Opinions

Reconciliation, the promise of Christmas

Do you feel our country is somehow broken? I do. This Christmas season has found America exhausted and at war with itself. Foreign leaders with hostile interests see such division and anger that they have reason to believe our citizens and political leaders may not rally around our president in a crisis. From Washington, D.C., to Anchorage, few would dispute the depth of our hostilities and lack of agreement on anything except for how much “we hate the other side.” Sadly, we can’t even decide how strongly we feel about democracy, as many show preference for autocracy and the use of force to create America in the image of their choosing.

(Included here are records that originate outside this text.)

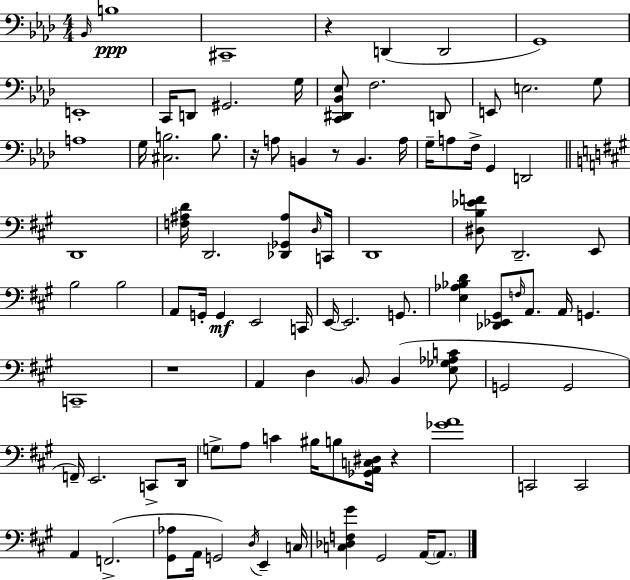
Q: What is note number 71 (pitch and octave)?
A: G2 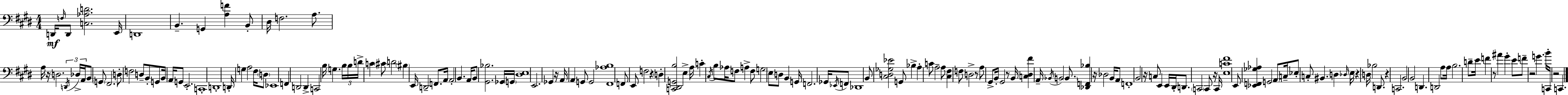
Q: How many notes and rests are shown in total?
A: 176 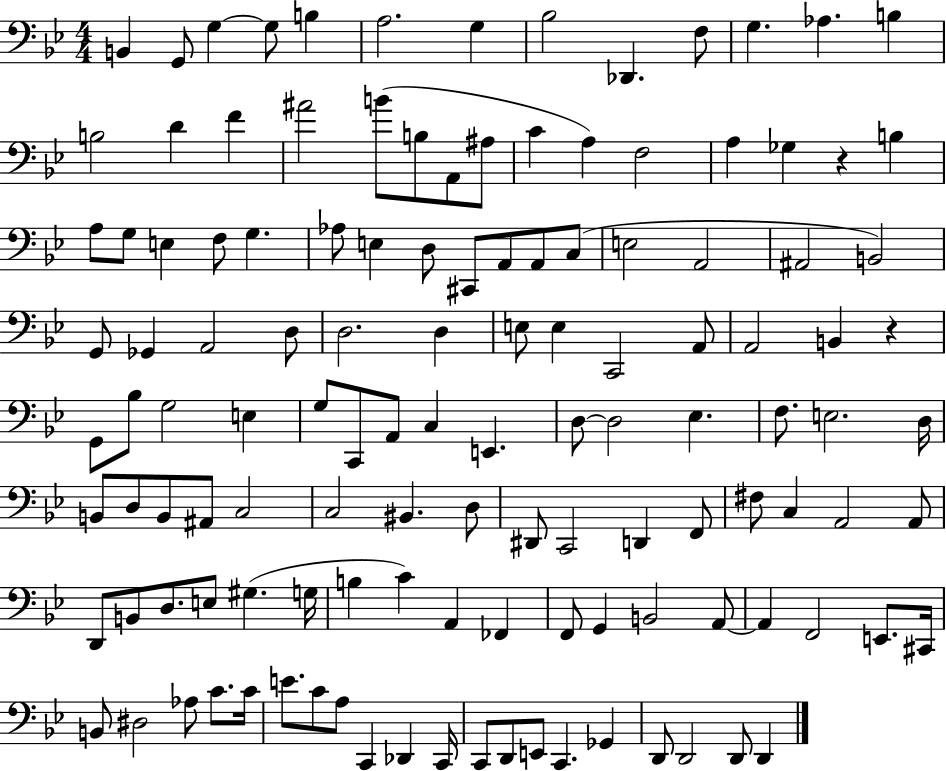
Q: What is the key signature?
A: BES major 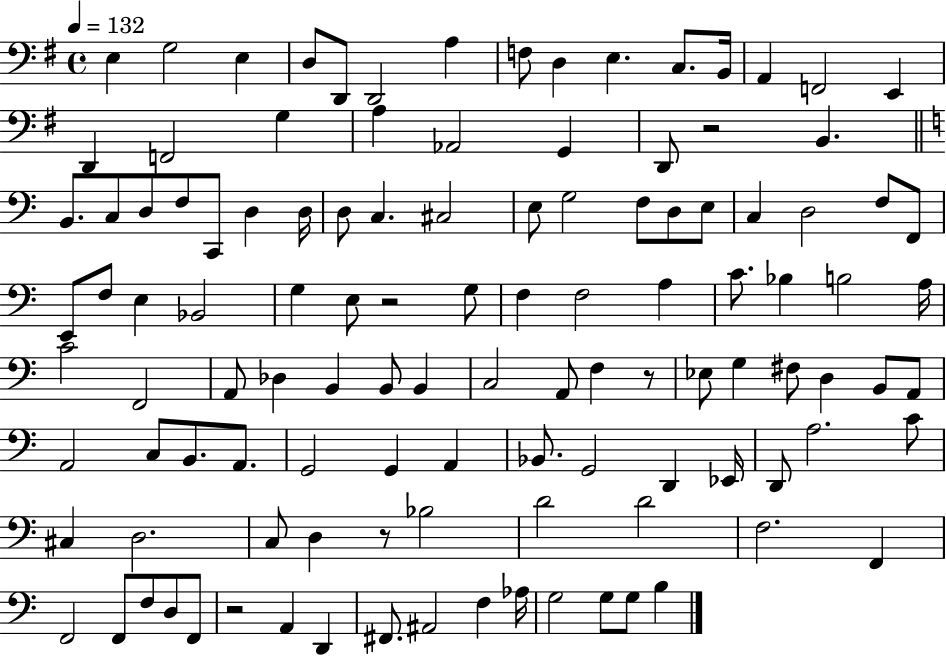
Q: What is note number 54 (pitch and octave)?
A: Bb3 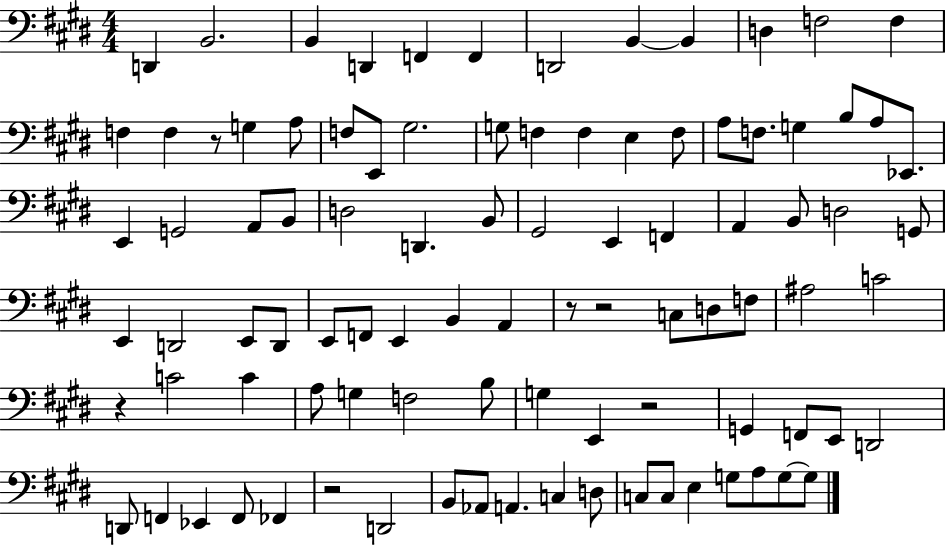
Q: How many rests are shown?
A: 6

Only six days into 2021, our nation’s Capitol was under siege by persons who had been convinced their country was lost and acted accordingly. And since then, there has been no slowdown in catastrophic vigilante rhetoric calling for more riots and assaults on liberty in order “to keep America safe.” If such language came only from a few outliers, it would be less concerning, but it also comes from some political leaders who are aligning themselves with the most destructive activists.

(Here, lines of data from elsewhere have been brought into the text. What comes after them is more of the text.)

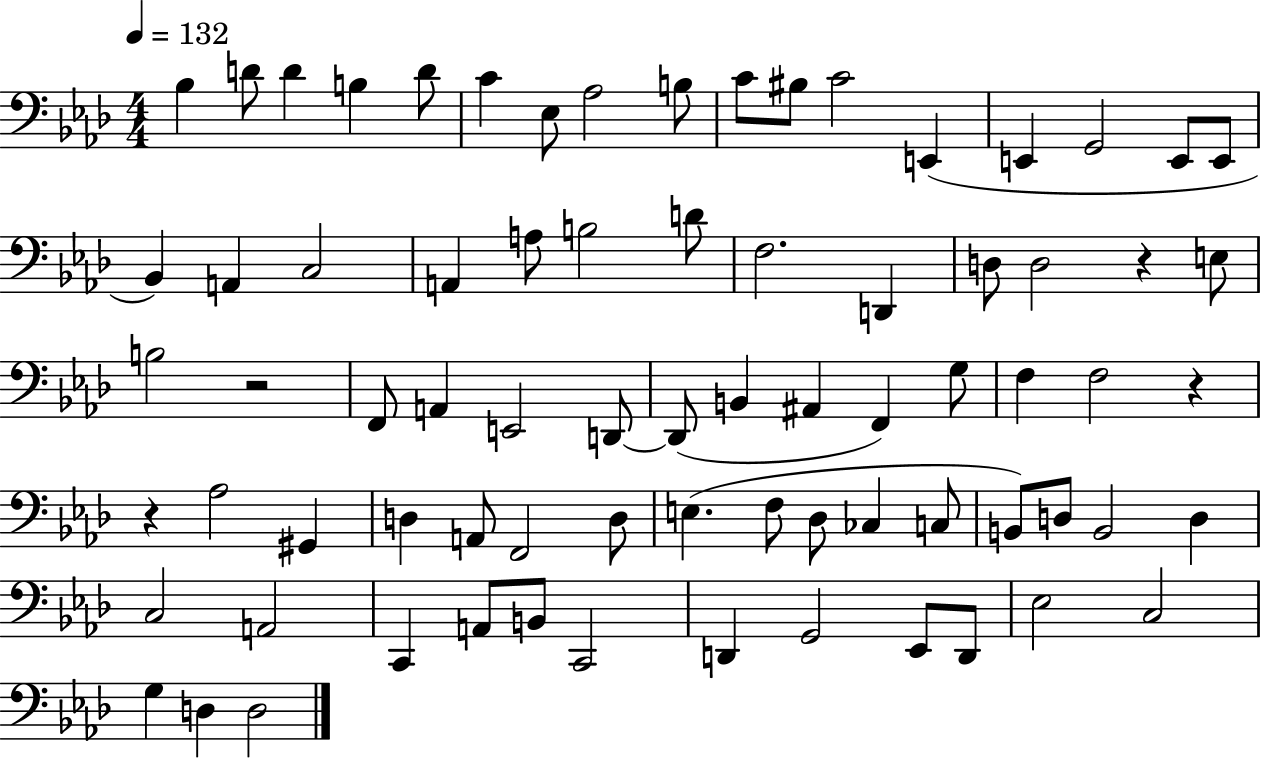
X:1
T:Untitled
M:4/4
L:1/4
K:Ab
_B, D/2 D B, D/2 C _E,/2 _A,2 B,/2 C/2 ^B,/2 C2 E,, E,, G,,2 E,,/2 E,,/2 _B,, A,, C,2 A,, A,/2 B,2 D/2 F,2 D,, D,/2 D,2 z E,/2 B,2 z2 F,,/2 A,, E,,2 D,,/2 D,,/2 B,, ^A,, F,, G,/2 F, F,2 z z _A,2 ^G,, D, A,,/2 F,,2 D,/2 E, F,/2 _D,/2 _C, C,/2 B,,/2 D,/2 B,,2 D, C,2 A,,2 C,, A,,/2 B,,/2 C,,2 D,, G,,2 _E,,/2 D,,/2 _E,2 C,2 G, D, D,2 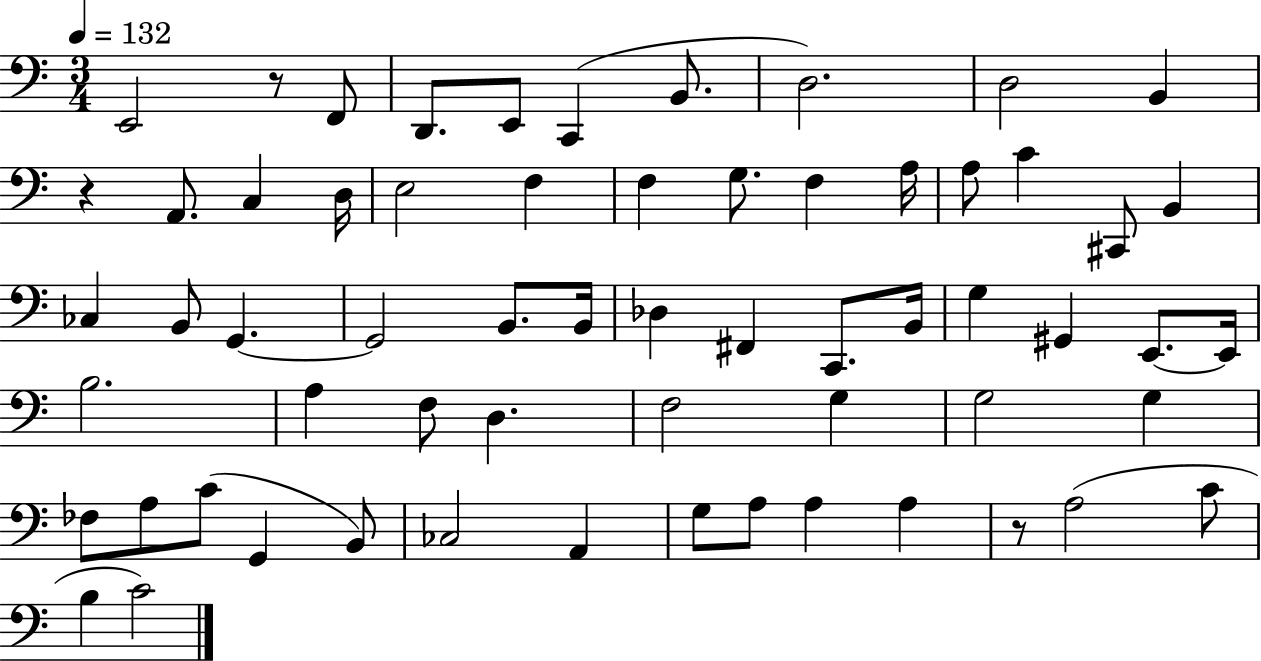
{
  \clef bass
  \numericTimeSignature
  \time 3/4
  \key c \major
  \tempo 4 = 132
  e,2 r8 f,8 | d,8. e,8 c,4( b,8. | d2.) | d2 b,4 | \break r4 a,8. c4 d16 | e2 f4 | f4 g8. f4 a16 | a8 c'4 cis,8 b,4 | \break ces4 b,8 g,4.~~ | g,2 b,8. b,16 | des4 fis,4 c,8. b,16 | g4 gis,4 e,8.~~ e,16 | \break b2. | a4 f8 d4. | f2 g4 | g2 g4 | \break fes8 a8 c'8( g,4 b,8) | ces2 a,4 | g8 a8 a4 a4 | r8 a2( c'8 | \break b4 c'2) | \bar "|."
}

This past Sept. 11, George W. Bush, the president who led our country through the terrible days of the terrorist attacks on that day in 2001, gave a moving memorial address in Shanksville, Pennsylvania, at the site where United Airlines Flight 93 was brought down by a group of Americans united in their commitment to stop another attack on our homeland. He gravely warned about the forces of division in America: “A malign force seems at work in our common life that turns every disagreement into an argument, and every argument into a clash of cultures. So much of our politics has become a naked appeal to anger, fear and resentment.”

The next day, former President Donald Trump lashed out at President Bush on social media, saying he “led a failed and uninspiring presidency.” Just days ago, he slammed former Israeli Prime Minister Benjamin Netanyahu in an interview for congratulating President Joe Biden on his election, saying “F*** him.” And on the political left, we have some leaders in Congress who routinely use broad-brush strokes to severely mischaracterize nuanced conservative views, calling them fascist, racist or worse. With such example, do we wonder that our political discourse is so characterized by animosity and reactionary behavior?

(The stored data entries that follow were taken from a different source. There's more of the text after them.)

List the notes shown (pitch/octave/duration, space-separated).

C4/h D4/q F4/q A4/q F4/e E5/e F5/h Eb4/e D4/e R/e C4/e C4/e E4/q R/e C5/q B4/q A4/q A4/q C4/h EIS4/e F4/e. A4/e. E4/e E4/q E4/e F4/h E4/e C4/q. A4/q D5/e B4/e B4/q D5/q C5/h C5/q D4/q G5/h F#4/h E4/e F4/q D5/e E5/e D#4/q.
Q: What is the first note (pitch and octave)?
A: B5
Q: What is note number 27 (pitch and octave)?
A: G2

Are things much different here at home? Alaska is deeply divided over the leadership of our federal and state government, the Permanent Fund dividend, masks, vaccines and much more, with the political extremes struggling for dominance and advocating positions that further polarize the opposite side of the aisle.

A recent Anchorage Daily News editorial board commentary poignantly warned of the dangerous path of political power grabs, reminding us the pendulum swings both ways — the power we desperately want our political champion to possess today could bring us terror tomorrow when a new leader takes their place.

How can we bring healing to our diverse citizenry if we have lost the idea of reconciliation? It seems the ability to work together and set aside grievances requires habits of the heart that are no longer formed in us. Do you know of any friendship that can withstand the absence of forgiveness? I don’t. Self-sufficiency, self-centeredness and self-salvation make us hard toward people we think of as losers and, ironically, makes us endlessly self-hating if we don’t live up to our own standards.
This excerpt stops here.